There are many analogies in the Bible, and even Jesus would frequently use them to help illustrate a profound spiritual truth.
Many of the saints followed Jesus' example and used their own analogies in hopes of encouraging the believers in their care.
St. Gregory Nazianzen provides one such analogy that can help us seek after peace in the midst of our anxiety.
Rocks vs. seashells
St. Francis de Sales relates St. Gregory's illustration in his Introduction to the Devout Life:
[E]verything in the world speaks silently but clearly to the lovers of God of their love, exciting them to holy desires, whence gush forth aspirations and loving cries to God.
St. Gregory Nazianzen tells his flock, how, walking along the seashore, he watched the waves as they washed up shells and sea weeds, and all manner of small substances, which seemed, as it were, rejected by the sea, until a return wave would often wash part thereof back again; while the rocks remained firm and immoveable, let the waves beat against them never so fiercely.
The saint then explains the significance of this image:
And then the saint went on to reflect that feeble hearts let themselves be carried hither and thither by the varying waves of sorrow or consolation, as the case might be, like the shells upon the seashore, while those of a nobler mold abide firm and immoveable amid every storm;—whence he breaks out into David’s cry, “Lord, save me, for the waters are gone over my soul; deliver me from the great deep, all Thy waves and storms are gone over me;” for he was himself then in trouble by reason of the ungodly usurpation of his See by Maximus.
The analogy used by St.

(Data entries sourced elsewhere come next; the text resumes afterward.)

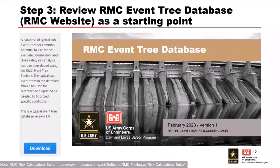Step three: the RMC has developed an event tree database to provide example sub-event trees for many common potential failure modes. The database is available for download on the RMC website in the risk calculation suite of software tools. You may find that your potential failure mode has already been captured and can serve as a starting point. While you may not find the exact sub-event tree for your project, it can serve as a guide you can adapt. This is not meant to be a one-size-fits-all database — it is meant to be a guide that you can adjust as needed.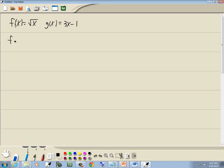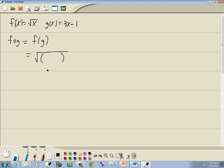We're going to find the composition of f and g, which is f of g. So we'll take our f of x, which is square root of x, and wherever we have an x, we'll put it in parentheses. So we've got the square root of parentheses.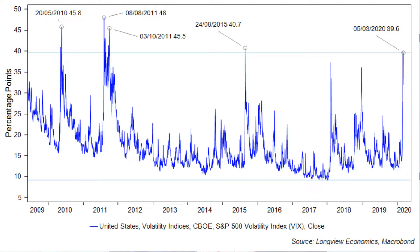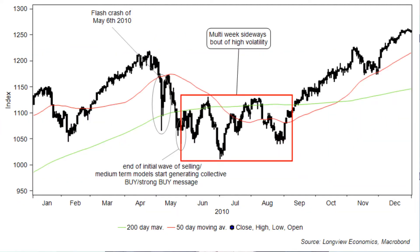The VIX closed last night just shy of 40%, which was a level it reached in August 2015 and a level it surpassed in those two phases of the euro crisis. What's intriguing about the euro crisis is that after the initial sharp wave of selling over a couple of weeks, the market then moves sideways in a very choppy, high-volatility environment for a couple of months.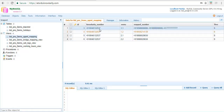If the caller presses 1 in the main menu and 1 in the sub-menu, the call will first land on the first representative. If this representative is not able to answer, it will land on the second representative, and so on.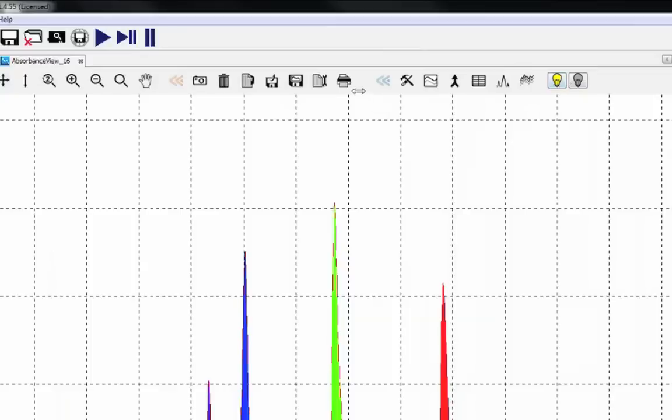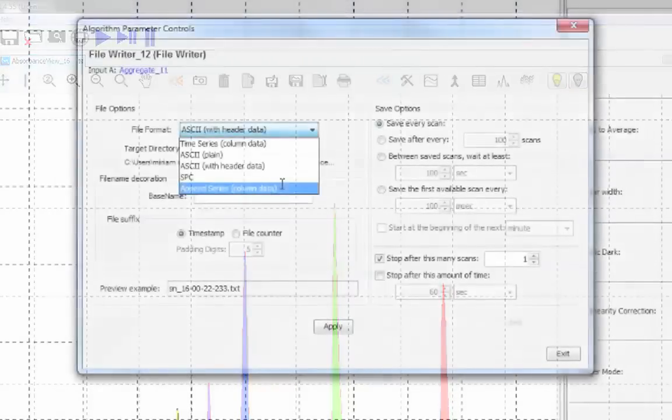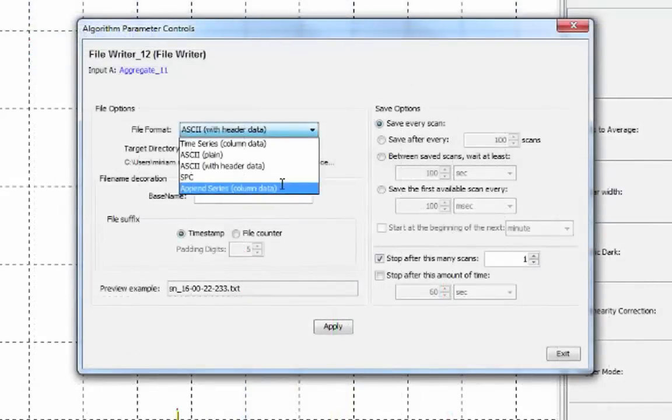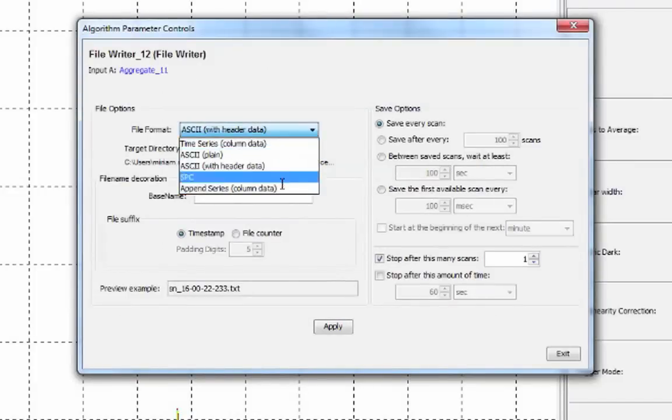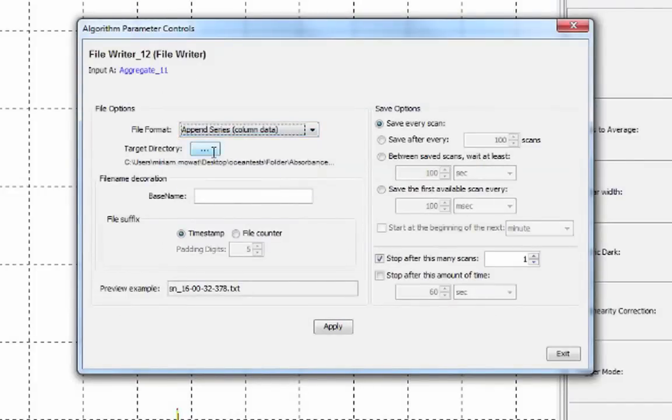To choose options for saving, go to the configure graph saving icon at the top of the screen. Here you can choose the file format you'd like to save in. Select the location that you'd like your spectra to be saved to.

Gregory is reminiscent of Jesus' parable of the house built on sand.
In many ways the message is the same: plant yourself firmly on the rock of Jesus Christ.
Whenever we feel buffeted by the waves of this world, we need to remember that only the rock of Jesus Christ can save us from perishing.
St. Gregory knew this as well, which is why he cried out, "Lord, save me, for the waters are gone over my soul; deliver me from the great deep."
There is no getting around the storms of this life, but what we can control is how we react to them, not letting ourselves be tossed away like a seashell into the even greater storms at sea.